Out on the clay courts, which remind you of yesteryear in Georgia when clay was the preferred surface for tennis competition, this week you were reminded that things are depressingly different.
The venue has not changed. Paris may be a little different, but it has not changed. The Eifel Tower, which the French hate, has not changed and those sidewalk cafes and strolls by the Seine offer an avenue of breathlessness just like it has always been.
However, Americans do not dominate tennis as in the past. Roland Garros has always been a center of international activity over the years.
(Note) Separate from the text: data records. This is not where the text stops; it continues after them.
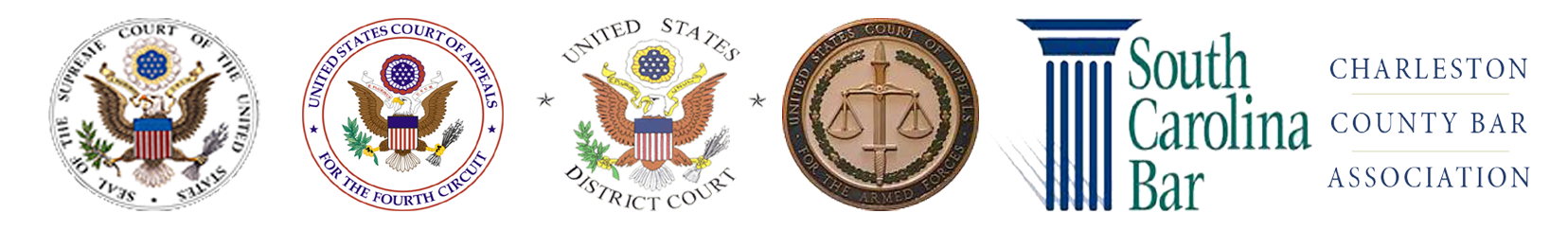 Seals of the U.S. Supreme Court, the U.S. Court of Appeals for the Fourth Circuit, the U.S. District Court, and the U.S. Court of Appeals for the Armed Forces, with the South Carolina Bar and Charleston County Bar Association logos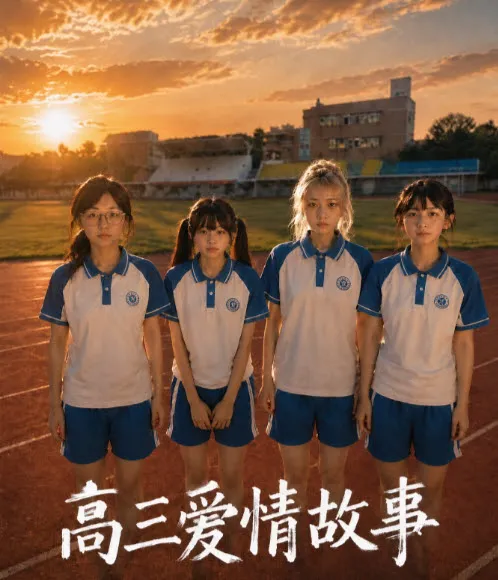 高三爱情故事短剧海报，操场上的四个女生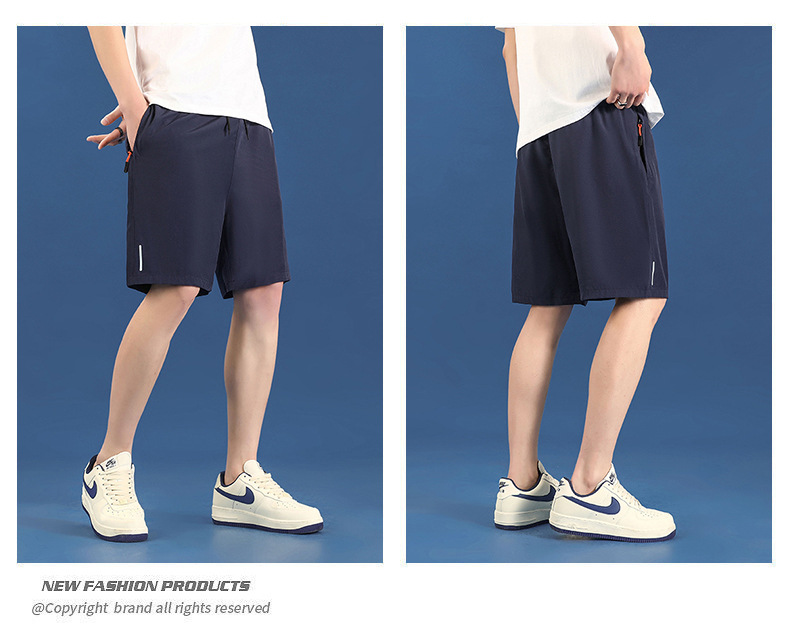 Summer sports thin shorts for men, loose and casual ice silk quick-drying capri pants for men, straight-leg Hong Kong-style pants for men, trendy pic 21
There were times when you might have thought that the United Nations was meeting here.
“Worldwide, tennis is probably the third most popular sport in the world, but we lose so many potential tennis players to other sports in the U. S.,” says former Georgia tennis coach, Manuel Diaz. “Take Atlanta for example. Atlanta has more recreational tennis players than any city in the country. ALTA (Atlanta Lawn Tennis Association) is the leading tennis organization in the U. S., maybe the world, but a professional tournament here failed to make it. Everybody plays, but nobody goes to watch as it is in most other countries.”
While that is regrettable, I, nonetheless, appreciate the passion that the French have for the sport and their celebrated championship. My regret is that my time has passed, and I can no longer make an annual trip to Paris and not only enjoy the best in Grand Slam tennis competition, but the ancillary trimmings that Paris offers. Gee, how dazzling that was.